TASK TO COMPLETE -
Although the data below holds other lines too, output only those from the line with "vidaXL Armario de" up to and including the line with "Camiseta Capivara rock", exactly as they appear.

THE DATA -
[Start of section]

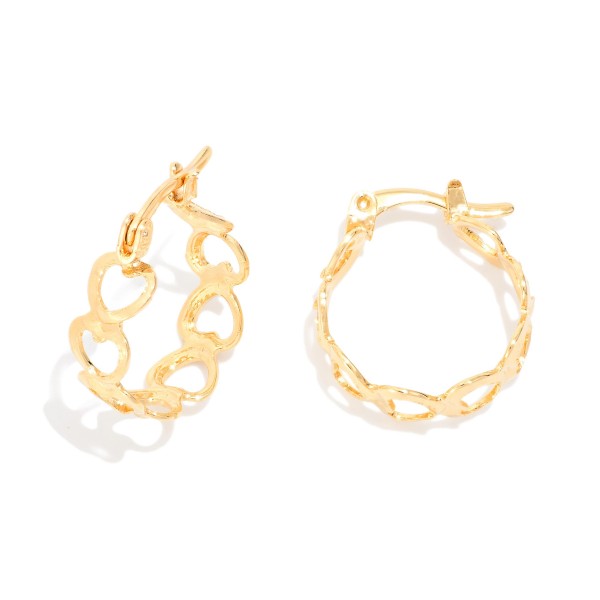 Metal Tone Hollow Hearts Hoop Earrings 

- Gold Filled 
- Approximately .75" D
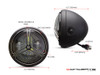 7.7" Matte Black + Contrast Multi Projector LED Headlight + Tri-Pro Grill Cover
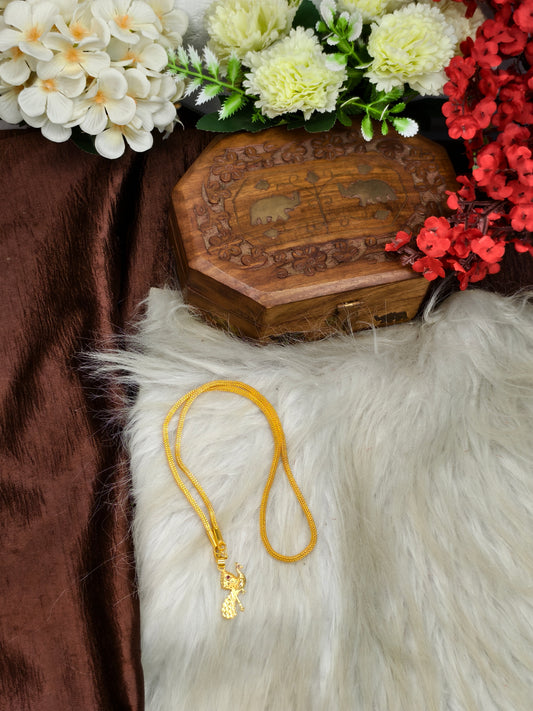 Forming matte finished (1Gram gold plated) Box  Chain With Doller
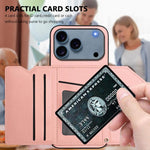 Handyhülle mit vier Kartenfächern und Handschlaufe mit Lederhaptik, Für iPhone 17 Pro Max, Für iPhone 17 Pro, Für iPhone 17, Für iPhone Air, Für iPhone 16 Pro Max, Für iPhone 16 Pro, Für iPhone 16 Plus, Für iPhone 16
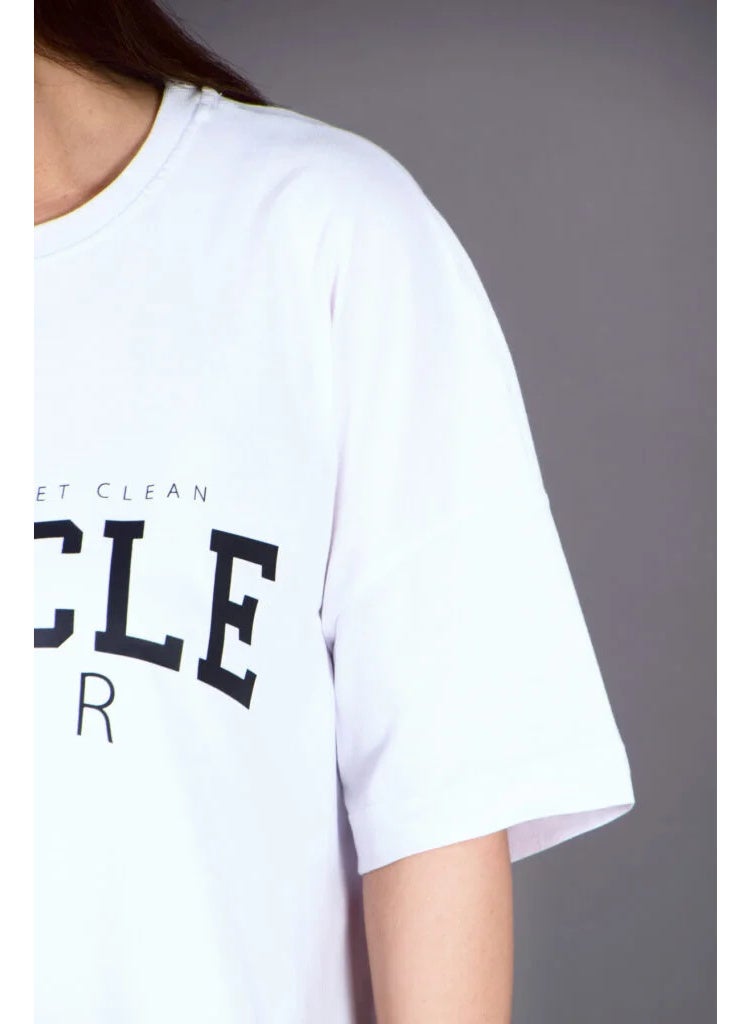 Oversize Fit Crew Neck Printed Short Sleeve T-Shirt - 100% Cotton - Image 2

[End of section]
[Start of section]

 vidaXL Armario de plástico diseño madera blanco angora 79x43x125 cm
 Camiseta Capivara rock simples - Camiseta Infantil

[End of section]
[Start of section]

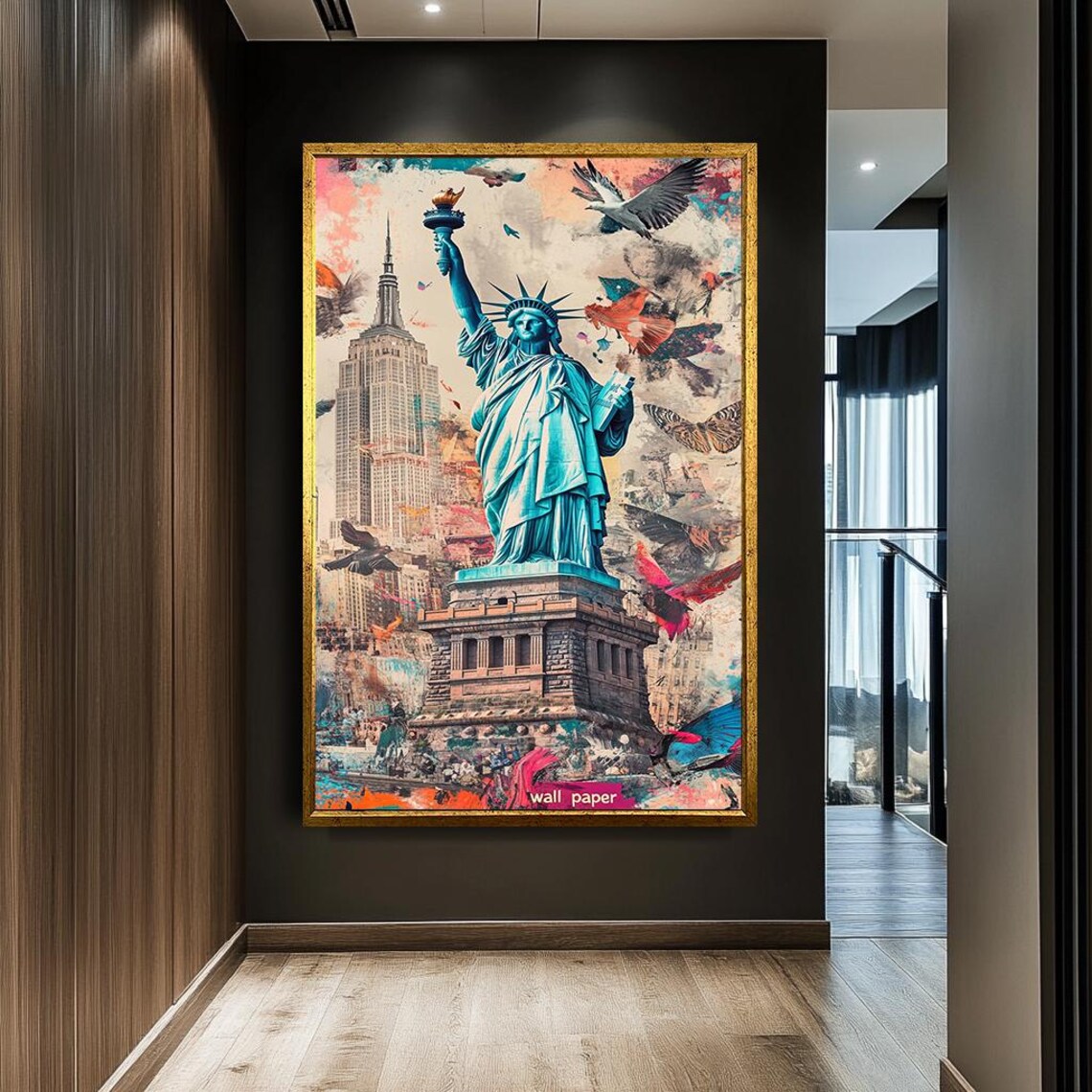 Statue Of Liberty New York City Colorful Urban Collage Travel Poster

[End of section]

OUTPUT FOR THIS EXERCISE -
 vidaXL Armario de plástico diseño madera blanco angora 79x43x125 cm
 Camiseta Capivara rock simples - Camiseta Infantil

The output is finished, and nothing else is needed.